Date: 2025-09-11    Source: 



On September 10, 2025, the Seminar on Research Progress of Green Trade under the China Council for International Cooperation on Environment and Development (CCICED) was held in Beijing in a hybrid online-offline format. The conference focused on the current status, challenges, and strategic responses in global green trade development. Professor Yu Miaojie, a Deputy to the 14th National People’s Congress, Fellow of the International Economic Association (IEA), and President of LNU, was invited to participate via video link and delivered a keynote speech.



In his speech, Professor Yu Miaojie systematically elaborated on the current development status and core challenges of green trade, and emphasized that the interactive relationship between trade and the environment is of crucial significance for implementing the new development philosophy and advancing China’s ecological civilization construction. He analyzed the interaction mechanism between trade and the environment from three dimensions — scale, structure, and technology — pointing out that there are multiple possibilities for the net effect of the superposition of these three factors, and that the Environmental Kuznets Curve (EKC) hypothesis exhibits significant differences in applicability between developed and developing countries. Meanwhile, he proposed that although environmental regulations have an objective impact on trade, the scale of this effect is weaker than that of traditional factors such as labor and capital.
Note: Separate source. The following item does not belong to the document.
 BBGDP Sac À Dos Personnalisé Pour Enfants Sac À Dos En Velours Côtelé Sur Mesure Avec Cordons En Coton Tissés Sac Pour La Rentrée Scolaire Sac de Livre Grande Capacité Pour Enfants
At the policy practice level, Professor Yu Miaojie focused on analyzing two types of core tools: While Border Carbon Adjustment (BCA) can address “carbon leakage” and safeguard trade fairness, it is likely to be regarded as a disguised trade barrier due to the incomplete carbon accounting systems in developing countries, posing challenges to the exports of relevant countries; in recent years, trade agreements such as the United States-Mexico-Canada Agreement (USMCA) and the Comprehensive and Progressive Agreement for Trans-Pacific Partnership (CPTPP) have incorporated “environmental standards” into core obligations and strengthened their implementation, and the adjustments to relevant rules have exerted a direct impact on the development of China’s green trade.

Yu Miaojie conducted an in-depth analysis of the multiple challenges currently facing the development of China’s green trade. He pointed out that externally, China needs to address risks such as the intensification of international green rule barriers, fragmentation of standard certification, and “low-carbon lock-in” in the value chain; internally, there are issues including imbalances in regional and trade structures, rising cost pressures on enterprises, “chokepoints” in core technologies, insufficient alignment of green standards, and incomplete internal support systems — all of which restrict the high-quality development of industries.

In conclusion, Yu Miaojie pointed out that despite facing numerous challenges, driven by the joint efforts of policy guidance, market expansion, and technological innovation, China’s green trade has achieved multiple breakthroughs in scale, structure, and competitiveness. He emphasized that China has always adhered to taking its own initiatives and responding proactively on the basis of complying with international rules, and will surely blaze a broad and smooth path for the development of green trade.